When you target the children of queer parents, you terrorize families who have been deemed sinners by the Christian right. When you mandate Christianity in classrooms, you capture the next generation before it can think for itself. 

Ironically, children often rebel against beliefs that are forced on them, especially when religion is presented as a political mandate rather than a moral guide.

The laws stripping healthcare from trans youth, the campaigns to scrub queer families from school libraries, and the bills designed to make LGBTQ+ people invisible in public life all rest on the same Christian conviction – that queer people do not deserve to exist in a society that the far right believes should be reserved only for white, straight people.

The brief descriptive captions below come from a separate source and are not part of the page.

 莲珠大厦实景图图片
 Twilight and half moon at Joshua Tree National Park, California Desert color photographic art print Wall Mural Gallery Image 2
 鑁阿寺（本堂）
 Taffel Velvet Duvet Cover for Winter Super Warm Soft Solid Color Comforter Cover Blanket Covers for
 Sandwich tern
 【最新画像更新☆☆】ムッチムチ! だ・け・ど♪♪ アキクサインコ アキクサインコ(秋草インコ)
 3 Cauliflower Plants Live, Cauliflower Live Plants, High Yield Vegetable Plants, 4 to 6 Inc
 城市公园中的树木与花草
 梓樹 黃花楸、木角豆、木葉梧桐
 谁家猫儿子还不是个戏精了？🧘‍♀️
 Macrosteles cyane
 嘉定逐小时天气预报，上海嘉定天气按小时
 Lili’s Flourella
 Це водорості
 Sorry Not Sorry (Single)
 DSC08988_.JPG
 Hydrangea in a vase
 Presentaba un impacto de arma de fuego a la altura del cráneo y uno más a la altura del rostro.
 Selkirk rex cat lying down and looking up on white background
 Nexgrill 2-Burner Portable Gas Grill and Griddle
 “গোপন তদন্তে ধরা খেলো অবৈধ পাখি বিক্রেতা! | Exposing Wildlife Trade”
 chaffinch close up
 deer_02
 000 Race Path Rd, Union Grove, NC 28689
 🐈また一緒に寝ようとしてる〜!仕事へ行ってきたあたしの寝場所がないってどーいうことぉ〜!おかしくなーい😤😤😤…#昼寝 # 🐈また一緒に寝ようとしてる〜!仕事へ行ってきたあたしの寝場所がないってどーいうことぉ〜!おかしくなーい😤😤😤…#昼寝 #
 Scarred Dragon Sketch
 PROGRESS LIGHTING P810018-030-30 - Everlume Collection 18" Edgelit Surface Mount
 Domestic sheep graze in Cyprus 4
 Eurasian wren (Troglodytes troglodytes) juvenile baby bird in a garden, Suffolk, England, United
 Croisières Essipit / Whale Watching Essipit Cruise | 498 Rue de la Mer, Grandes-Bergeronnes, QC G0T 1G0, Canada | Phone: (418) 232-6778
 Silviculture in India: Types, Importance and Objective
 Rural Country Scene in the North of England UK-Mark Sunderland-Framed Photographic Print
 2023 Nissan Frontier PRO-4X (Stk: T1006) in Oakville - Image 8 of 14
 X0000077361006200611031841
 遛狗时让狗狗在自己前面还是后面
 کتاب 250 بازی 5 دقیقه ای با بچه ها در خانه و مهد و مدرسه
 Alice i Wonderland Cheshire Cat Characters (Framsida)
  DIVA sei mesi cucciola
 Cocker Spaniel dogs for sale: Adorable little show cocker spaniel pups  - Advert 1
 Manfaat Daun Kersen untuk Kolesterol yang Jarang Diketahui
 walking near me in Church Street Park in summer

What was done to Buttigieg is a very serious crime. Swatting, including CPS variants involving false reports, is a federal and often a state crime, carrying penalties ranging from misdemeanors to felonies, including jail sentences of multiple years.

Buttigieg said that if there is any way to pursue civil or criminal charges, he will do so. The person who did this should face the full weight of the law, and their case should serve as a warning to anyone considering a copycat attack on queer families in their own communities.

Because that is the other danger. Buttigieg’s story is receiving wide coverage, and there are people watching who see not an outrage but an idea for harming queer people. Anonymous CPS reports require no courage and leave few fingerprints. They can be filed against any queer couple anywhere in America.

Gay and lesbian parents need to be aware of this and remain extra vigilant.

The Texas Bible mandate will, rightfully, face legal challenges. But in the world we live in, that provides little solace. If this reaches the Supreme Court, a ruling in favor of the Texas Board of Education is a foregone conclusion.

Buttigieg wrote that politics now feels “more and more like bloodsport.” He’s right. The swatting of his family and the forcing of the Bible on children prove that modern politics is no longer about winning arguments.

It is about drawing blood and using children as the knife.